Benji Marshall has reportedly been given the all clear for next Friday's ANZAC test match against the Kangaroos:
BENJI Marshall is set to join Sonny Bill Williams on a star-studded New Zealand interchange bench in next Friday night's Anzac Test after yesterday being given a clearance to make his comeback for the Kiwis - provided he wasn't in the starting line-up.
In an act of selflessness by Wests Tigers, the NRL premiers have agreed to let Marshall return from a dislocated shoulder three weeks ahead of schedule in the Test - even though he won't be able to back up for them in next Sunday's match against Manly at Leichhardt Oval.


Page 1 of the Weekend Herald kicks off with a story about car parks....but it does feature an interesting quote from Invercargill's mayor Tim Shadbolt who says the $78,000 somone paid for a car park in A-Town "is just outrageous".
"It just goes to show the problem New Zealand is facing in terms of its population imbalance.
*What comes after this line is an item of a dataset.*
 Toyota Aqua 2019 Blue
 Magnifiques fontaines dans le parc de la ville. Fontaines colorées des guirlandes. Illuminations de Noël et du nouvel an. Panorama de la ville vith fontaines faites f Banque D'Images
If we [in Invercargill] get more than three cars at the lights, it's called a crisis here."

Page 3 of the same paper has an article about Shadbolt being "charged with careless use of a motor vehicle and will appear in the Invercargill Traffic Court at a date to be set".

Perahps no few enough cars ey Tim?

Seems you can't even have a minor fender-bender these days without being charged with careless driving.
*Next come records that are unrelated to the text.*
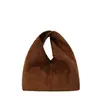 Nova bolsa plissada nuvem de camurça 2026, design retrô estilo coreano, exala uma vibe sofisticada e elegante, adequada para o dia a dia, pode ser carregada como bolsa de ombro, bolsa de axila ou bolsa de mão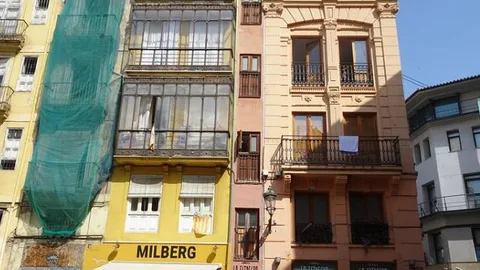 A día de hoy, ha sido fachada, vivienda y hasta se han instalado establecimientos en este lugar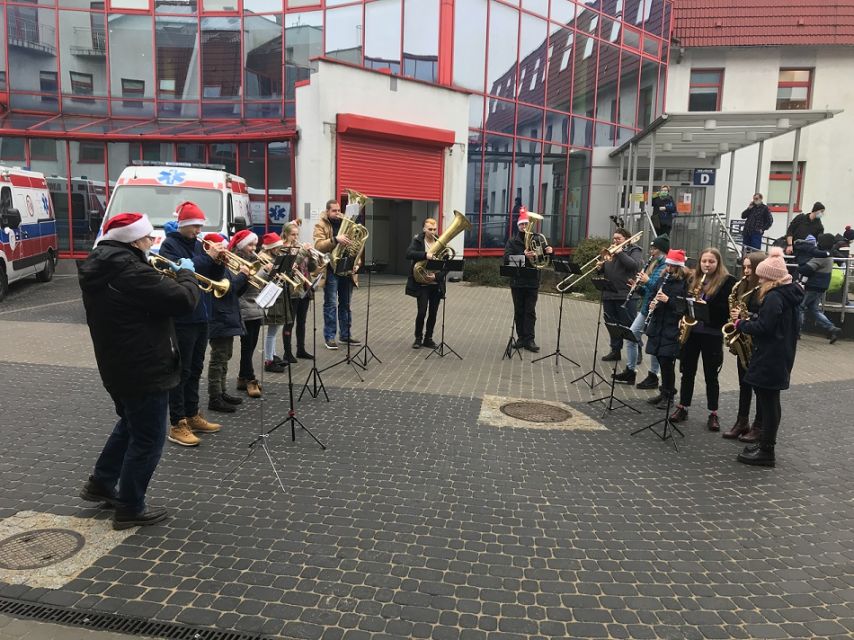 Wyjątkowy koncert kolęd pod szpitalem w Chorzowie! - galeria
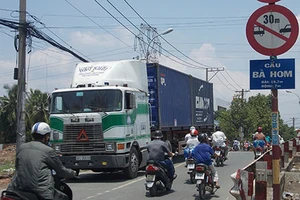 Đi đâu cũng gặp... cầu yếu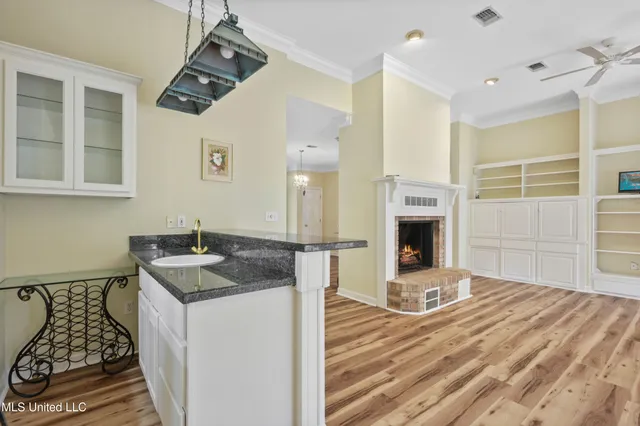 $2,700 | 29109 West Dubuisson Road, Pass Christian, MS 39571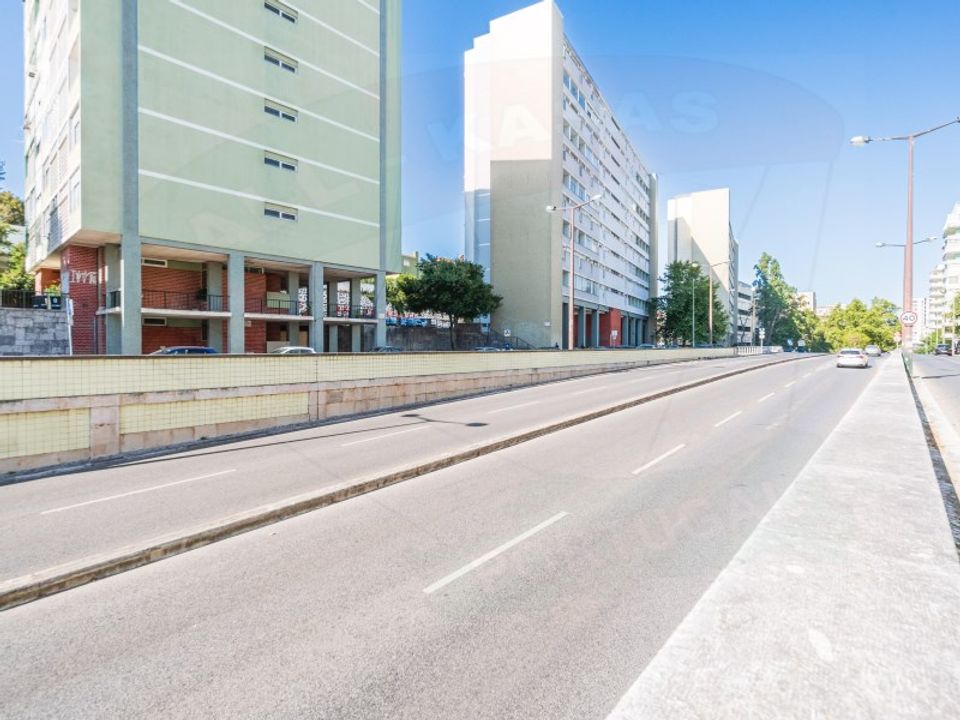Erhvervsejendom i Alvalade, Setubal - foto 3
Different if you're in the police and pack rape women though - then the police deliberately cover it up for 24 years...until it gets exposed on TV.
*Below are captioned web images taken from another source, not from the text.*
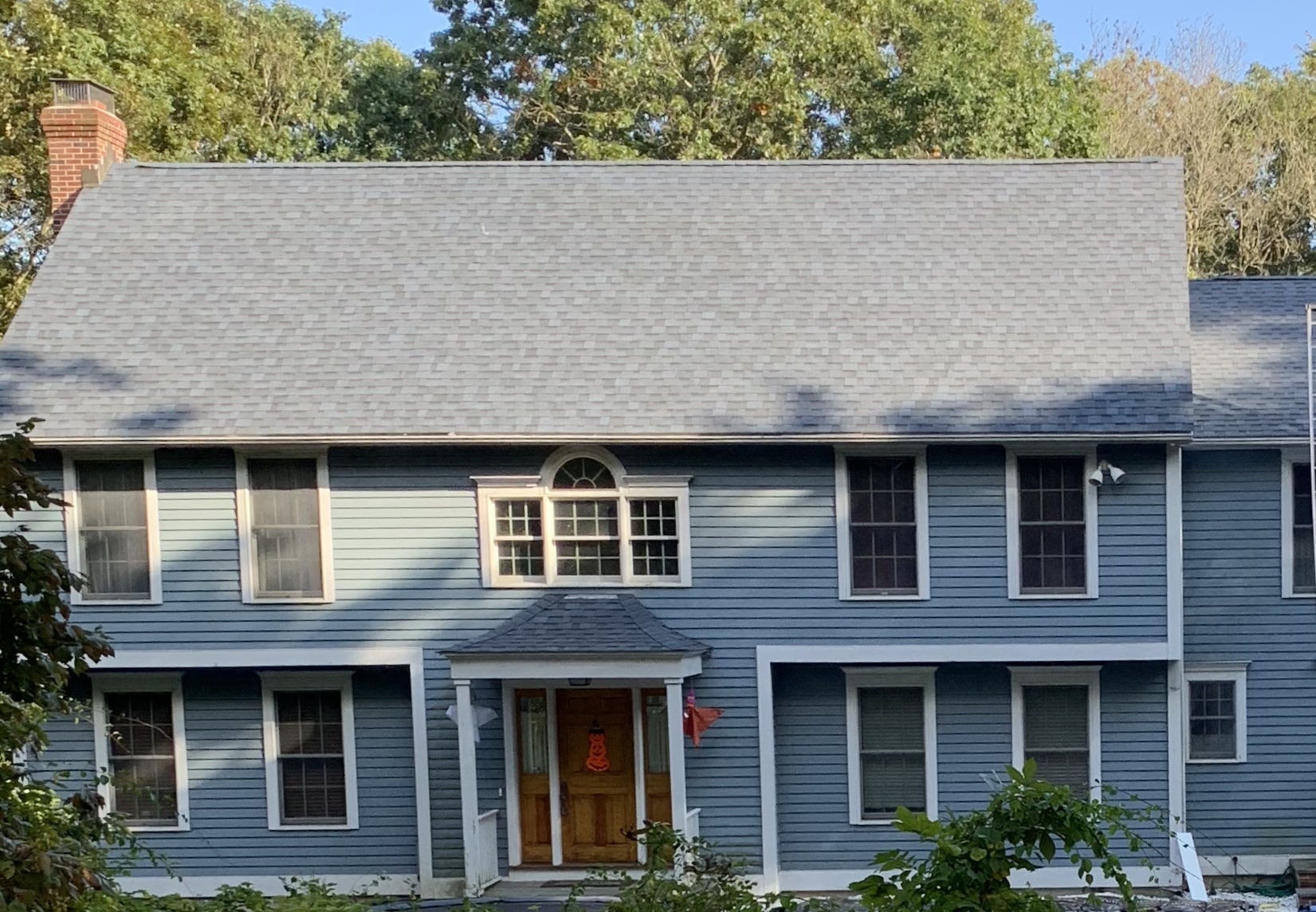 Upgrade Your Home with a Perfect Match: How We Coordinate Siding and Roof Colors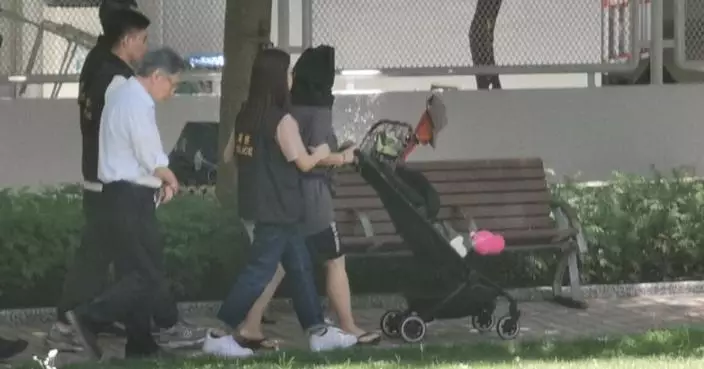 男童綁架案疑犯唐明街公園重組案情 嬰兒車行李箱模擬運走肉參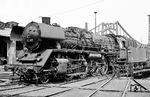 22 001 wurde im Heimat-Bw Halle (Saale) P extra für die britische Reisegruppe aus dem "Schuppen I" an der "Berliner Brücke" gezogen. Sie war 1958 im Raw Meiningen aus 39 107 rekonstruiert worden und stand der dortigen VES-M zur Verfügung. Ihren Mischvorwärmer hatte sie mit Einbau der Gegendruckbremse im September 1959 gegen einen Oberflächenvorwärmer eintauschen müssen. Im März 1970 wurde die Lok zum Bw Saalfeld (Saale) umbeheimatet, dort im Juni 1970 EDV-mäßig in 39 1001-5 umgezeichnet, aber bereits im September 1970 z-gestellt.  (1967) <i>Foto: Robin Fell</i>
Auckland University is organising a march in support of rape complainant Louise Nicholas tomorrow.
New Zealand has some of the most stringent suppression laws in the common law world. There is a perception that suppression orders are being used to protect the rich, famous or powerful while others must battle for name suppression. Rape complainants must have enough confidence in the justice system to come forward.

Even though Nicholas's alleged attackers were found not guilty it does appear her stand has encouraged other women to come forward and expose the truly sick police culture that existed in Rotorua/Bay of plenty in the 1980s:
A former police officer extradited from Australia on historic rape and sexual abuse charges was today sent for trial in the High Court. The man, whose name is suppressed, faces allegations from two girls, then aged between 12 and 16, comprising four counts of indecent assault and one of rape, all in Rotorua in 1980.

And finally made the police take allegations against their own seriously.